A Empresa Brasil de Comunicação (EBC) tem sido alvo de censura pelo governo de Jair Messias Bolsonaro. As palavras “Golpe” e “Ditadura” estão excluídas da matérias produzidas pelos jornalistas.
Em nota veiculada pelo sindicato Jornalistas e Radialistas do DF, RJ e SP, jornalistas denunciam que só é possível descrever o golpe que levou o Brasil para um ditadura de vinte e um anos quando “as matérias trazem declarações do presidente para negar o fato: ‘para Bolsonaro, não houve ditadura no Brasil’. A palavra “golpe” é ainda mais escondida. No lugar de ‘aniversário do golpe’, se usa ‘comemoração de 31 de março de 1964’.” denuncia a nota.
A censura afeta todos os formatos produzidos pela EBC, desde rádio, matérias televisivas e textos escritos. As palavras deixaram de ser usadas para descrever a ditadura após o presidente ter incitado os quartéis a comemorarem a data.
Na nota é colocado que a fonte da censura é incerta. Não há certeza se é uma ordem direta do planalto ou se uma busca por não provocar o presidente, por parte da diretoria.
É feita uma convocação para os profissionais da EBC irem “trabalhar de roupa preta na segunda-feira, dia 1 de abril”.

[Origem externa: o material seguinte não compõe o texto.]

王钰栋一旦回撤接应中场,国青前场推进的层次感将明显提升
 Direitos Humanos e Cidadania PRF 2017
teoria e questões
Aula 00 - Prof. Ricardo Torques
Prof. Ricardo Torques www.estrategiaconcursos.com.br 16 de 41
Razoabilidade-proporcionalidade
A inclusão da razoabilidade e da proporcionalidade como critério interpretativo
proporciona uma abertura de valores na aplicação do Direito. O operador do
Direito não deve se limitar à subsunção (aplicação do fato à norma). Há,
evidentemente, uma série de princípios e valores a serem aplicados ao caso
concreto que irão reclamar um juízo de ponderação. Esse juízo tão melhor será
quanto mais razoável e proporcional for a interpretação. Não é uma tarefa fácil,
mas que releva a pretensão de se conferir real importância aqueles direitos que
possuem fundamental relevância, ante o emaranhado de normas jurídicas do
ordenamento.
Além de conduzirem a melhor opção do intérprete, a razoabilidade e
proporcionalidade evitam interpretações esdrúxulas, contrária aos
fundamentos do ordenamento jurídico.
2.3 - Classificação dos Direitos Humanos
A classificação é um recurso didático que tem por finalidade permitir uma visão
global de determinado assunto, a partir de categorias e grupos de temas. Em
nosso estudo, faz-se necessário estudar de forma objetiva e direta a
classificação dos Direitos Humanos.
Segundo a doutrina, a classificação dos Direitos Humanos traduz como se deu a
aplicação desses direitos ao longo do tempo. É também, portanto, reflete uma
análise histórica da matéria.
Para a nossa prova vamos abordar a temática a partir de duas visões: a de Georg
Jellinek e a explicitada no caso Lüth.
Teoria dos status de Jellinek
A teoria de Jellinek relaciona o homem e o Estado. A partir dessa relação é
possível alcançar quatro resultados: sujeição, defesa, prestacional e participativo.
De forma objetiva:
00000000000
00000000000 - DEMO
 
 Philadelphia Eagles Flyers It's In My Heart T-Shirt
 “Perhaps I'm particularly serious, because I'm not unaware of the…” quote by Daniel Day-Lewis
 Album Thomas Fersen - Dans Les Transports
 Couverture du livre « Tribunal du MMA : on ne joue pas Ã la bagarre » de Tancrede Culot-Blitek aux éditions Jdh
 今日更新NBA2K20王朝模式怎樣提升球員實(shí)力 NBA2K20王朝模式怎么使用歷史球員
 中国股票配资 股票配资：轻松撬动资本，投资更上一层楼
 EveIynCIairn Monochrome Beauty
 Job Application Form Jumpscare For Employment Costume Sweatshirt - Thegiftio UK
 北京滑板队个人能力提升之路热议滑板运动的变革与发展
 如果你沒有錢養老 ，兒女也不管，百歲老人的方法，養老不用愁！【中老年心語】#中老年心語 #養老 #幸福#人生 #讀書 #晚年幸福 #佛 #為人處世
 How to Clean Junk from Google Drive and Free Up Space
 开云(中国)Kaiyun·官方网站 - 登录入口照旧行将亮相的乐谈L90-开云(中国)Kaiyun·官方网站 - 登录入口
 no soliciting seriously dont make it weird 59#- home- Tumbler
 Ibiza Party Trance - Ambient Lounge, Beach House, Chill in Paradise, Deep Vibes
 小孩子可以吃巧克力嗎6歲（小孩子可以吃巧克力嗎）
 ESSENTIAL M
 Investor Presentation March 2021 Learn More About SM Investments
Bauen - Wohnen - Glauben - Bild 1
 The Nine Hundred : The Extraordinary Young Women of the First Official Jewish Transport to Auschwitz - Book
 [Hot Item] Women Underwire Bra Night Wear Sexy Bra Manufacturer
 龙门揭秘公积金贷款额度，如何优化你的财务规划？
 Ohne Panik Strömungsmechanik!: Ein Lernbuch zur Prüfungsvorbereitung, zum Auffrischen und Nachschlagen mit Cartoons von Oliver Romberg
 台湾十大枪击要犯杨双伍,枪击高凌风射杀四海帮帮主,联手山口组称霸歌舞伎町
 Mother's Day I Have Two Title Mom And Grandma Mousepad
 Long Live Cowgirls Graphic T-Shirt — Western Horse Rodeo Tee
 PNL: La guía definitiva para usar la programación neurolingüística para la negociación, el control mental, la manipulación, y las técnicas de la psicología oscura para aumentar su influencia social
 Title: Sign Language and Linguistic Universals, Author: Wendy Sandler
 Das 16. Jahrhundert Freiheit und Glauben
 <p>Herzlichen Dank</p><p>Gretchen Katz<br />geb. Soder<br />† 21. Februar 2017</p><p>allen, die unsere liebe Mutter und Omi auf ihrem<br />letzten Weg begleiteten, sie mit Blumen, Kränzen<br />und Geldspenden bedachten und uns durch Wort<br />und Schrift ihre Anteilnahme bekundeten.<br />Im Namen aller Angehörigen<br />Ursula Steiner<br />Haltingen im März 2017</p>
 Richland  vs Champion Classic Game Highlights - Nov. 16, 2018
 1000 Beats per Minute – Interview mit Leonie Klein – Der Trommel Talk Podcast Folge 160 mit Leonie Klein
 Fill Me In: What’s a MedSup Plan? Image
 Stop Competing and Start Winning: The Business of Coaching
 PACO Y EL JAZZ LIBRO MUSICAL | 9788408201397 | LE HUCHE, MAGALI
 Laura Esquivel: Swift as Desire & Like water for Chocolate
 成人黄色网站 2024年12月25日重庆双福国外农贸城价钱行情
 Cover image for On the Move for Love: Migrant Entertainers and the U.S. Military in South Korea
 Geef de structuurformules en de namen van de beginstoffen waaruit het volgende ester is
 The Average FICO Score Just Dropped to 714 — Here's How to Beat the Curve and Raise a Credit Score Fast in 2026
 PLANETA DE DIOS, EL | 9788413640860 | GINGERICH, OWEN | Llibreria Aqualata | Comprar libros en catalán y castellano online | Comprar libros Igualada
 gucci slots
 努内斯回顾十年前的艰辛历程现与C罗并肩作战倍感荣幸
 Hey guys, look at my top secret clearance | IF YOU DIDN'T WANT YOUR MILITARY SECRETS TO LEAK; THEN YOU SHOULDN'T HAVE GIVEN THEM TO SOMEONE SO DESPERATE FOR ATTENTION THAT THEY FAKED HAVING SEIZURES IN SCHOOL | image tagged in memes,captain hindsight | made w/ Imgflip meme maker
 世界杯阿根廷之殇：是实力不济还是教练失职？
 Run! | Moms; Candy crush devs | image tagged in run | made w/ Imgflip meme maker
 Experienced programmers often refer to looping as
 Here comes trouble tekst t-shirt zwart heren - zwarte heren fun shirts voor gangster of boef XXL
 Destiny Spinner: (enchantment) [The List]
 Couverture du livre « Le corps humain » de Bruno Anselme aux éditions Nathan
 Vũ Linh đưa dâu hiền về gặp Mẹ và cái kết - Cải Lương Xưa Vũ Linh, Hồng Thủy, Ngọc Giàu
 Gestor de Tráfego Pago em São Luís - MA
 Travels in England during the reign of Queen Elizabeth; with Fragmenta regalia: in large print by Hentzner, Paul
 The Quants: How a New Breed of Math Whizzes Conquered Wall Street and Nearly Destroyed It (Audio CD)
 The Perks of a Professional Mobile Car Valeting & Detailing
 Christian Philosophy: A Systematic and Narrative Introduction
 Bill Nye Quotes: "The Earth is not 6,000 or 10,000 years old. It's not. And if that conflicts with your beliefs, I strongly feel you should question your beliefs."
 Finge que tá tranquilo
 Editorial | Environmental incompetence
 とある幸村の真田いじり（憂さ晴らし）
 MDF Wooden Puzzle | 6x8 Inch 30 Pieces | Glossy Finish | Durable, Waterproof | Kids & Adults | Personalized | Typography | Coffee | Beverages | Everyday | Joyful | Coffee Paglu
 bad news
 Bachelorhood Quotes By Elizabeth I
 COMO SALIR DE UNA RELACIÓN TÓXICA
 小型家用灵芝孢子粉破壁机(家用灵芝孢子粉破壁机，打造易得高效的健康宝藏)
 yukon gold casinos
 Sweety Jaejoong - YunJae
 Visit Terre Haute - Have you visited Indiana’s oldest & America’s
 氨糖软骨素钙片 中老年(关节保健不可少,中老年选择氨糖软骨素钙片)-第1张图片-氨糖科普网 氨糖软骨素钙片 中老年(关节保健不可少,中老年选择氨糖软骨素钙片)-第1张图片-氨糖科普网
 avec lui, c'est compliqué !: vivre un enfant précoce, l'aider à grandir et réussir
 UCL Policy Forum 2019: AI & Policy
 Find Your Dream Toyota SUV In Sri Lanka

Leia a nota na integra abaixo:
NA TENTATIVA DE REESCREVER A HISTÓRIA, EBC CENSURA “DITADURA” E “GOLPE” EM REPORTAGENS
Com a proximidade do aniversário de 55 anos do golpe de 1964, que deu início a uma ditadura militar com 21 anos de duração, a Empresa Brasil de Comunicação (EBC) vem impedindo o uso das palavras “golpe” e “ditadura” para classificar esse episódio da história brasileira. A censura ocorre nas reportagens de TV, rádio e agências.
A cobertura que evidenciou a proibição teve início quando o presidente da República, Jair Bolsonaro, afirmou que os quartéis deveriam comemorar a data. Houve repercussão na sociedade civil, no Congresso Nacional e em outros espaços de poder. O Ministério Público Federal recomendou que os comandos militares desistissem da celebração, e a Defensoria Pública da União entrou com uma ação para impedir os planos comemorativos, entre outros fatos com claro valor de noticiabilidade – e amplamente divulgados pela imprensa em geral.
Nas reportagens e títulos que tratam sobre o assunto, o termo “ditadura” está sendo sistematicamente substituído por “regime militar”, a não ser quando as matérias trazem declarações do presidente para negar o fato: “para Bolsonaro, não houve ditadura no Brasil”. A palavra “golpe” é ainda mais escondida. No lugar de “aniversário do golpe”, se usa “comemoração de 31 de março de 1964”.
Há relatos, ainda, da não veiculação de reportagens sobre a ação da DPU e da recomendação do MPF (uma estratégia é a substituição da matéria por uma “nota”, para fingir equilíbrio, quando se sabe o valor de cada formato dentro de um jornal), da retirada, redução ou desvalorização de relatos de vítimas da ditadura e até mesmo de dados já amplamente divulgados sobre o número de mortos e desaparecidos no período.
Não se sabe se a orientação veio do governo ou se os gestores da EBC se adiantaram a um possível desconforto governamental e implantaram a censura prévia que, mais do que tentar agradar os governantes utilizando para isso a comunicação pública, tentam reescrever e amenizar os fatos históricos.
Como trabalhadores da comunicação, temos compromisso com o Estado democrático de direito, com a narrativa honesta dos fatos e com a pluralidade de vozes da sociedade. É danoso ao Brasil que as reportagens da EBC, distribuídas gratuitamente para o país e o mundo, tentem esconder ou minimizar os crimes contra a humanidade praticados no período da ditadura militar.
Nos 21 anos que se seguiram ao golpe de 1964, milhares de pessoas foram exiladas, torturadas, estupradas, demitidas, perseguidas, presas e censuradas pelo Estado, entre outros prejuízos à dignidade humana e coletiva. Jornalistas, artistas, professores, advogados, políticos, operários, líderes populares, indígenas, crianças e até mesmo militares das Forças Armadas estão entre as vítimas, que sofreram por não concordarem com a ditadura. É nosso dever lembrar e contar o que aconteceu neste país.
Para que nunca mais se repita. Inclusive a censura.
OBS: Para protestar contra essa situação, conclamamos os colegas a virem trabalhar de roupa preta na segunda-feira, dia 1o de abril.